> Data block

=== Section Start ===

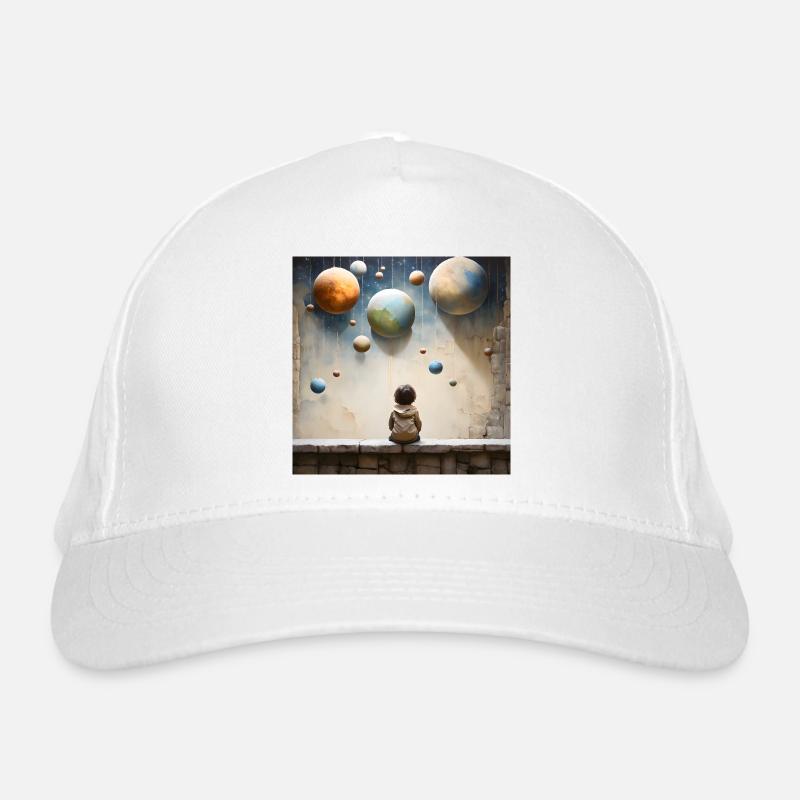 Bio-Baseballkappe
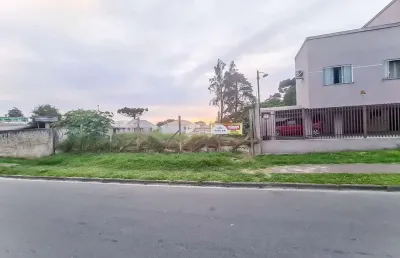 Terreno à venda na rua bahia, 378, vila guaraci, colombo por r$ 358.000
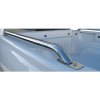 Trail FX Bed Rails - Stainless Steel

=== Section End ===

> Aim of the exercise
The data must be printed exactly, image-free.

> Written solution
 Bio-Baseballkappe
 Terreno à venda na rua bahia, 378, vila guaraci, colombo por r$ 358.000
 Trail FX Bed Rails - Stainless Steel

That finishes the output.